Pages

Senin, 28 Juni 2010

0 The Angels - 4

Hm, rupanya para dokter tidak mengijinkan Eric masuk ke ruang perawatan intensif untuk menjumpai kekasihnya. Ah, apakah Eric terlambat menyelamatkan kekasihnya itu? Bagaimana pula jika ia tahu bahwa kekasih yang dicintainya itu ternyata main gila dengan kakaknya sendiri?

"Hah? Neo juga.." tanya Eric setengah membentak pada petugas rumah sakit.
"Ya, pak." jawab petugas itu, "Putera sulung Pak Hadi ditemukan tewas terbunuh di pinggir kota bersama adiknya ini."
"Gila.." Eric lalu meninggalkan petugas itu.
Pemuda atletis itu lalu menghempaskan tubuhnya di atas kursi panjang di ruang tunggu. Sengaja agak memisahkan diri dari calon ibu mertuanya yang masih menangis histeris karena baru saja kehilangan suami dan anak sekaligus dengan cara yang mengenaskan, sementara anak bungsunya harus terkapar di unit perawatan intensif karena menjadi korban perkosaan brutal. Wanita muda asisten Pak Hadi dengan sabar berusaha menenangkan ibu yang malang itu, meski usahanya agak jauh dari keberhasilan.

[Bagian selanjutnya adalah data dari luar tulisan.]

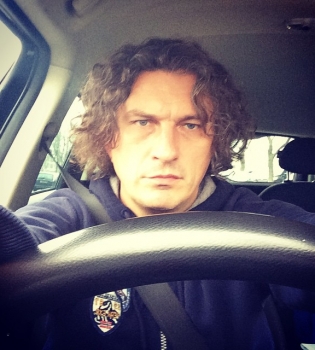 Кузьма Скрябин за рулем своего автомобиля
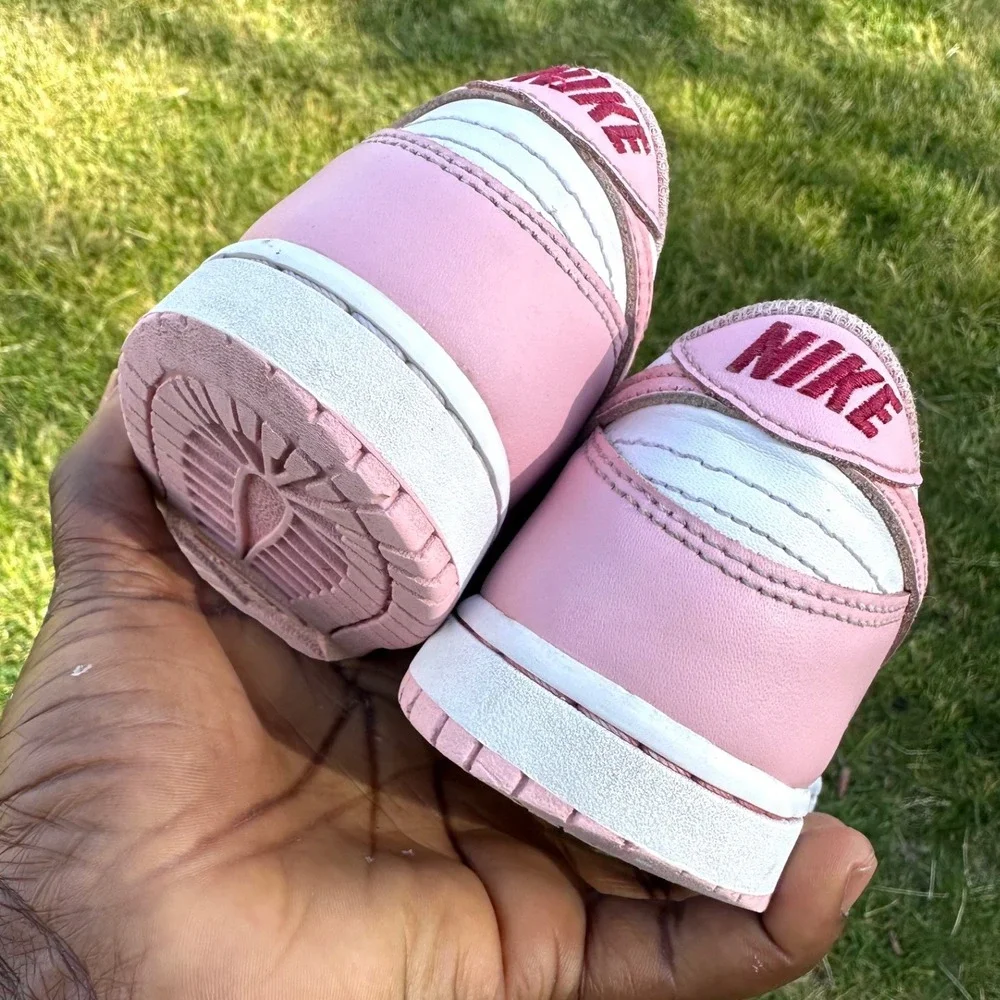 Nike Dunk Low Little Kids Athletic Shoes Size 2.5Y White Medium Soft Pink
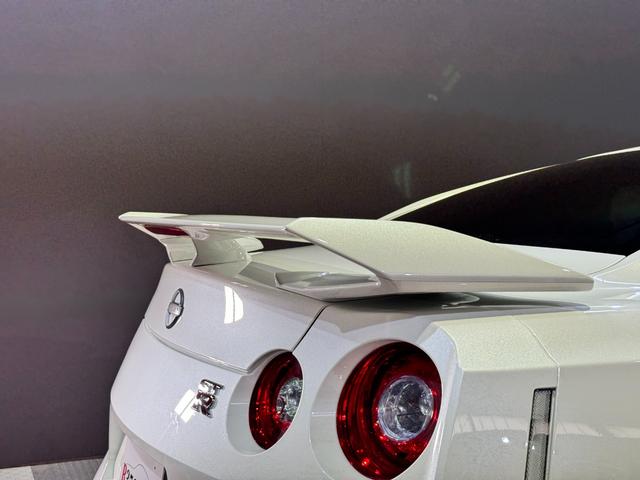 GT-R ピュアエディション /最終MY25モデル/デイライトキャンセラースイッチ/プライバシーガラス/純正フロアマット/新車ビニール付き/レイズ製20インチアルミホイール/FUJITSUBO製チタン合金マフラー(34枚目)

Seorang wanita berambut pendek duduk di samping Eric yang menyandarkan kepala di dinding sambil menutup mata karena stress dan bingung. Wanita berjaket kelabu itu hanya duduk tanpa berkata apa-apa, diam menatap Eric, sampai akhirnya Eric membuka mata dan agak terkejut melihatnya.
"Kamu rupanya." kata Eric dengan nada tanpa semangat.
"Ya." jawabku, "Bagaimana kamu ingin kelanjutannya terjadi?"
Eric terdiam seribu bahasa sambil terus memejamkan mata dan menunduk ke lantai. Ingin aku membelai rambutnya untuk menenangkan, namun kuurungkan niatku.
"Sepertinya.. memang seharusnya semalam itu waktu saya." Gumam Eric tanpa melihat kepadaku.
"Mungkin juga iya, mungkin juga tidak." jawabku diplomatis sekaligus ingin menenangkannya.
"Kamu kan masih punya harapan lain dalam hidup, Ric." lanjutku memberi semangat.
"Setelah apa yang terjadi ini.. saya bisa apa?" bantah Eric putus asa.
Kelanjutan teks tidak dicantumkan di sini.